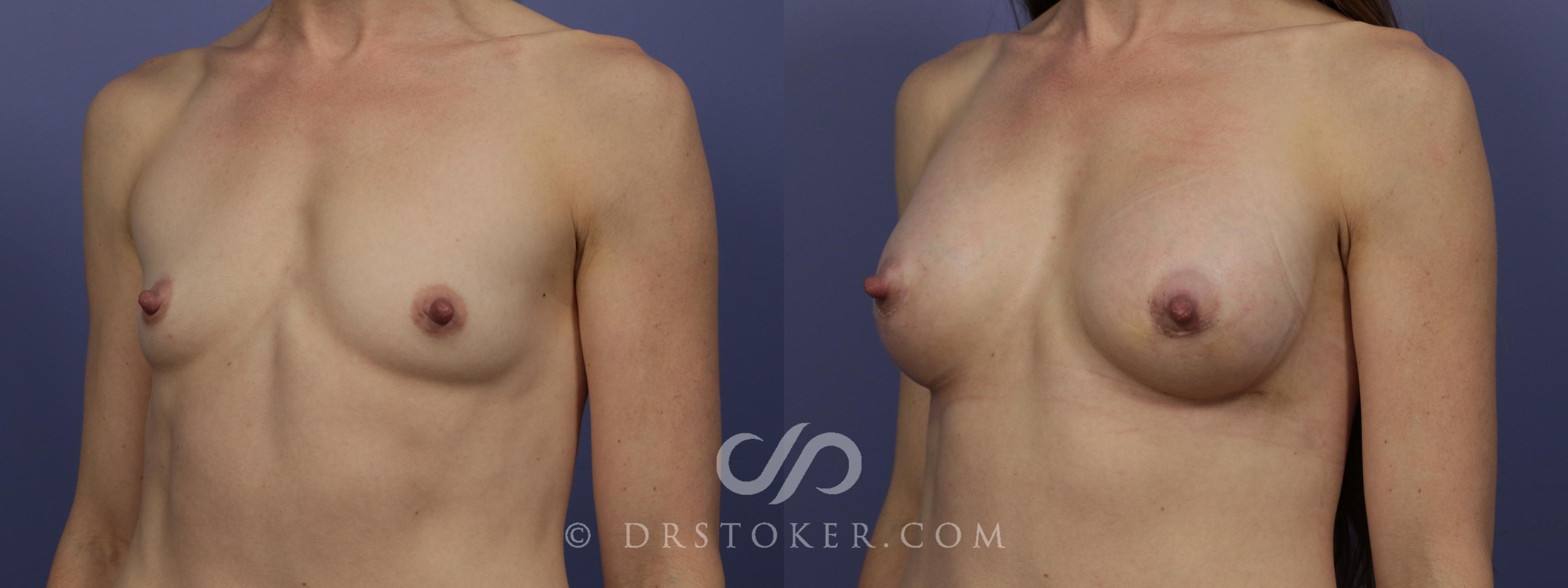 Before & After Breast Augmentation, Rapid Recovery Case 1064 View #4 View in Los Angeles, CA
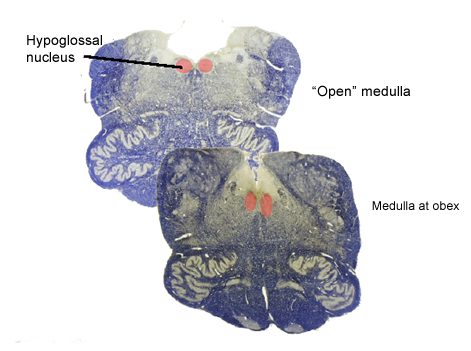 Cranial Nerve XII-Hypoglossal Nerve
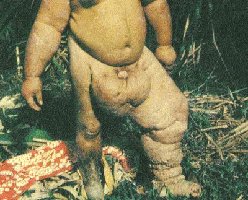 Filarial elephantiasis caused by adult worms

--

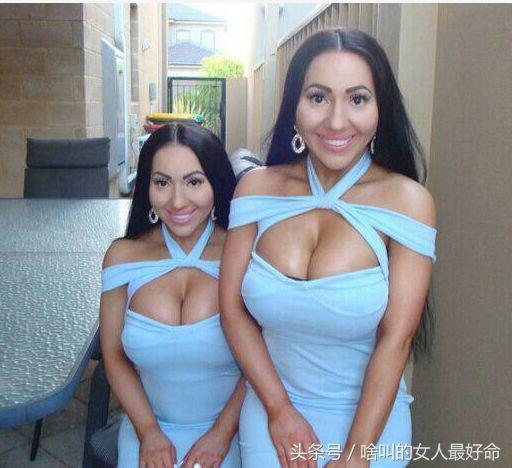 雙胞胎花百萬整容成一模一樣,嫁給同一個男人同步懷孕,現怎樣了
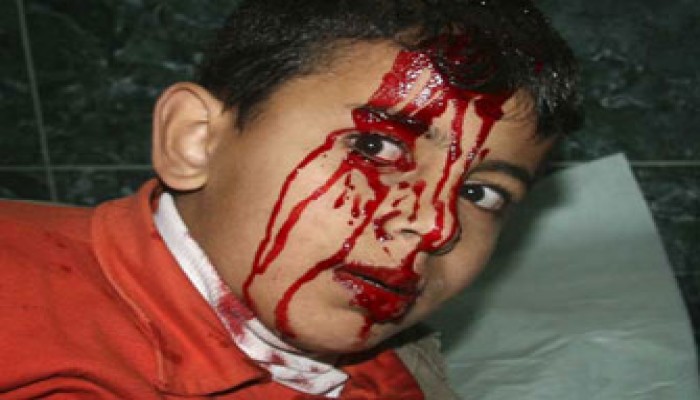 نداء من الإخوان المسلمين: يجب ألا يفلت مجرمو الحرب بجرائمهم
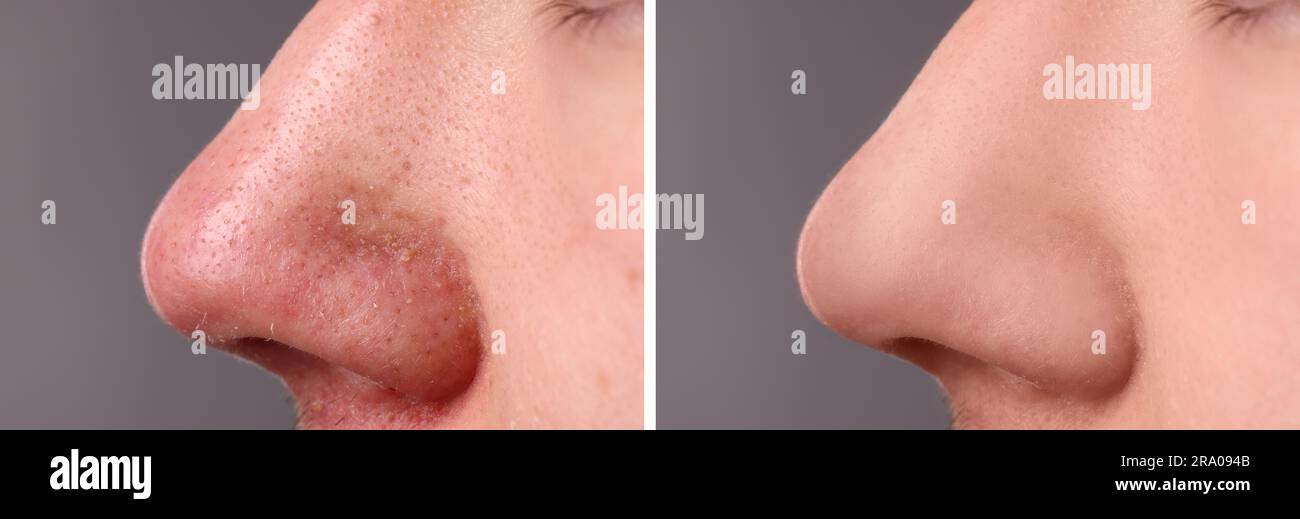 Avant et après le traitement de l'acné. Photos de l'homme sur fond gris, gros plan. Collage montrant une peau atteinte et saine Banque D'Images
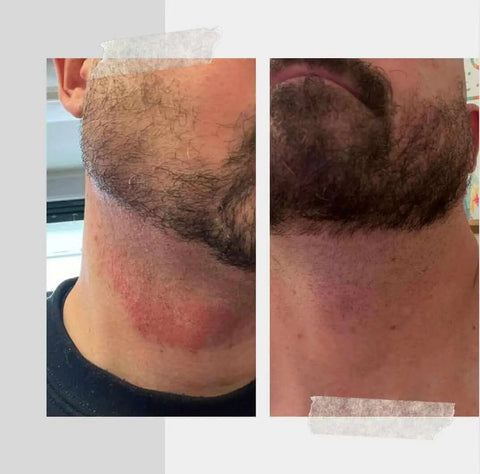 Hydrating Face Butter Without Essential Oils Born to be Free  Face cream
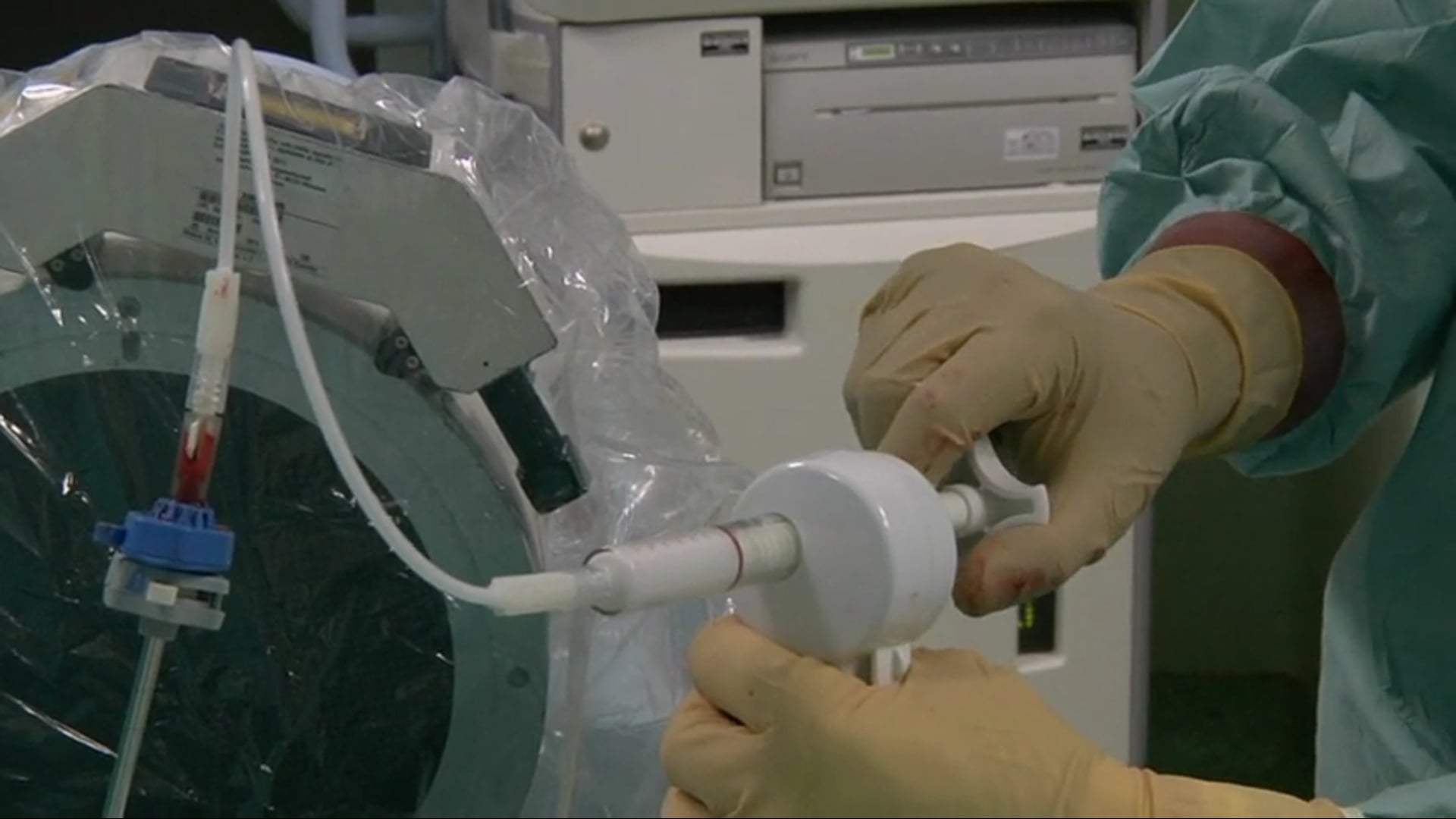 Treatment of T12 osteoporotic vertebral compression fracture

• [PROBLEM REQUIREMENTS]: The answer is the lines above from the one with "Avant et après" to the one with "Treatment of T12", set down exactly, with no pictures.

• [TASK OUTPUT]:
 Avant et après le traitement de l'acné. Photos de l'homme sur fond gris, gros plan. Collage montrant une peau atteinte et saine Banque D'Images
 Hydrating Face Butter Without Essential Oils Born to be Free  Face cream
 Treatment of T12 osteoporotic vertebral compression fracture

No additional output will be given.